Combining Thinfilm's memory with PARC's printed thin-film transistor technology will allow the development of integrated systems as part of Thinfilm’s product roadmap, the company said.
PARC specializes in designing full-featured systems customized for clients' applications. Such systems will benefit from Thinfilm's non-volatile ferroelectric polymer memory technology because power consumption is negligible and no connection to external power is required to retain information.
Target markets for Thinfilm memory products include RFID tags, sensor tags, disposable price labels. NFC-enabled phones will soon put RFID readers directly in millions of people's pockets, purses, and backpacks. Meanwhile, major companies are targeting RF for location tags, advertising, smart packaging, and other consumer-based applications.
"Item-level tagging is the largest single market application for what Thinfilm memory and PARC can bring to the table together here," said Thinfilm CEO Davor Sutija, in a statement.

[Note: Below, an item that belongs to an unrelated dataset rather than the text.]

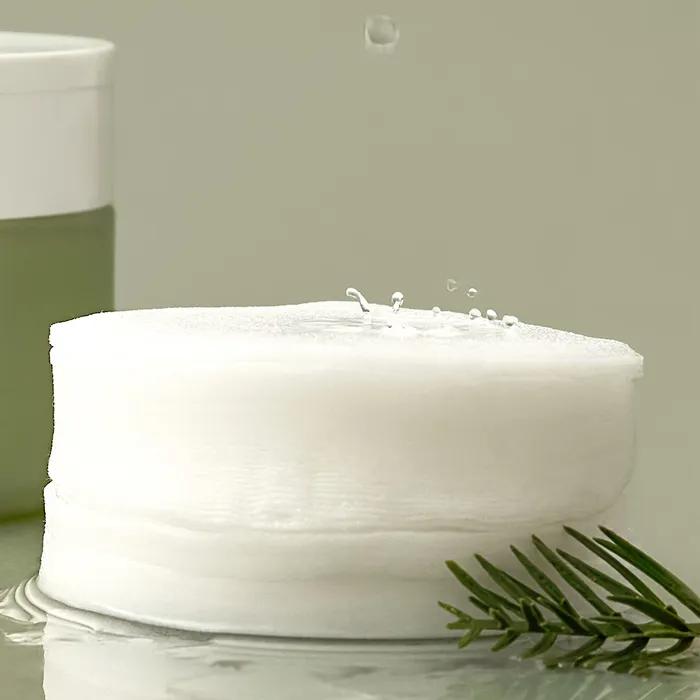 Cicachid Chilling Pad 70 sheets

"By working closely with PARC to couple our memory products with their transistor technology and printed electronics capabilities, we will enable compact, 128-bit, fully printed memory systems," said Sutija. "Several of the world's large toy manufacturers are already designing concepts including this type of memory because of its unique design, form factor, and cost advantages. In addition to our products for card-based games and toys, we are adding resources to support the development of printed ID and sensor tags."
"We’ve been working to enhance the performance and reliability of printed electronics for quite some time now, and look forward to seeing this work in commercial products," said PARC scientist Ana Claudia Arias, in the same statement.
"When you consider the trajectory of emerging technologies, printed electronics is just coming down from its hype cycle and entering the realization phase. So now is the time for companies to look seriously at what's possible in this burgeoning market," said PARC CEO Mark Bernstein.